───── SUPPLIED RECORDS ─────

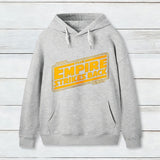 Empire Strikes Back Inkestyle Hoodie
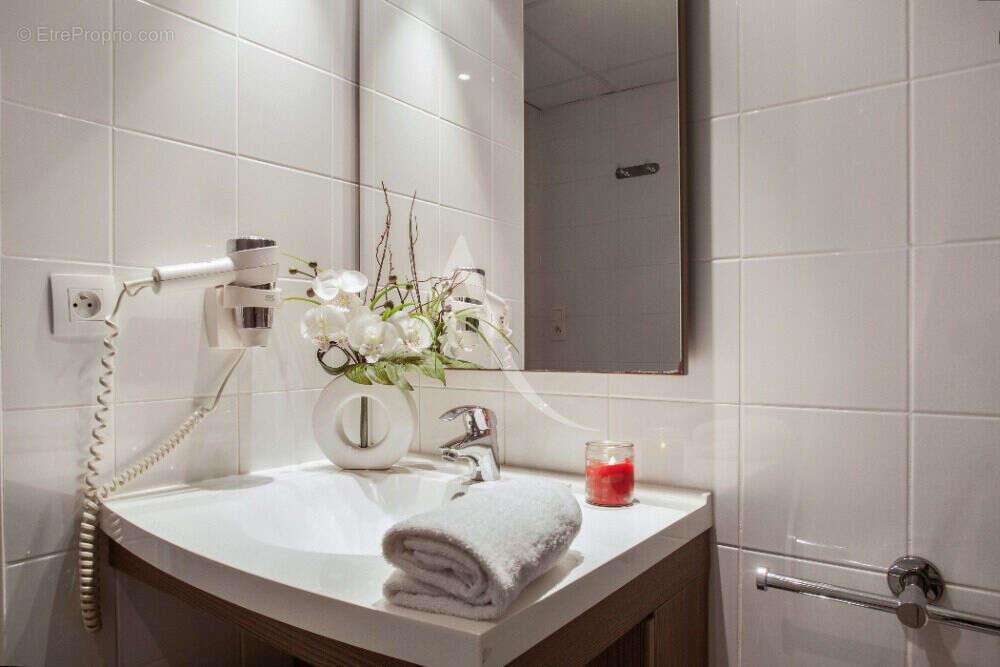 Appartement à vendre, 20m², Marseille 2ème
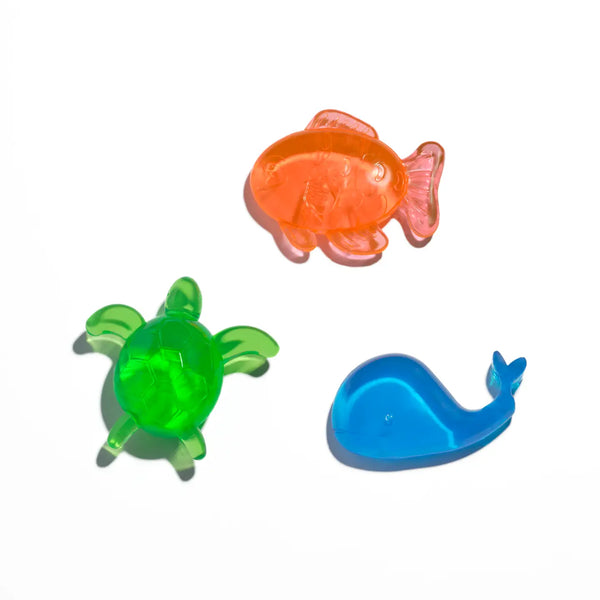 Ocean Friends - Dive Toys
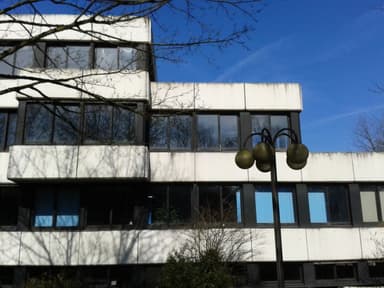 Heinrich-Thöne-Volkshochschule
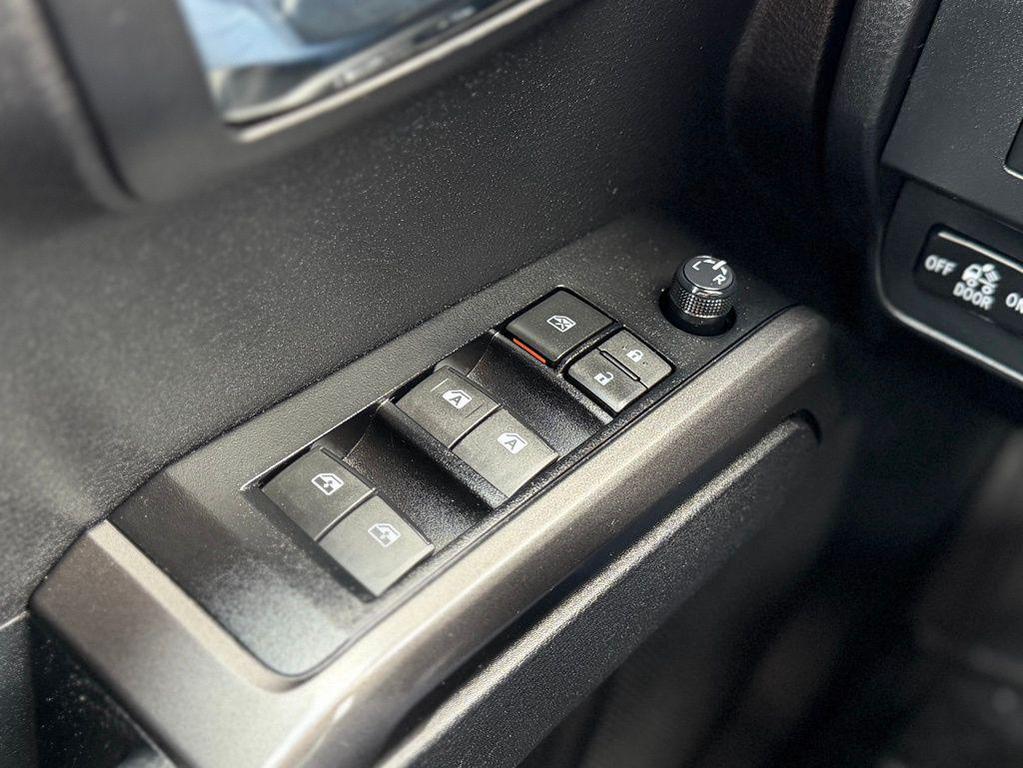 used 2022 Toyota Tacoma car, priced at $35,564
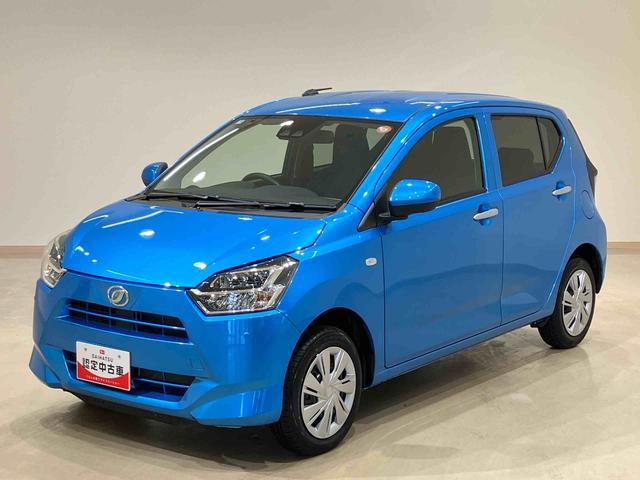 ミライースＸ　ＳＡIII（北海道）の中古車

─────

_PROBLEM_
Although the material contains pictures, only the lines are to be written out, exactly as they stand.

_THE COMPLETED TASK_
 Empire Strikes Back Inkestyle Hoodie
 Appartement à vendre, 20m², Marseille 2ème
 Ocean Friends - Dive Toys
 Heinrich-Thöne-Volkshochschule
 used 2022 Toyota Tacoma car, priced at $35,564
 ミライースＸ　ＳＡIII（北海道）の中古車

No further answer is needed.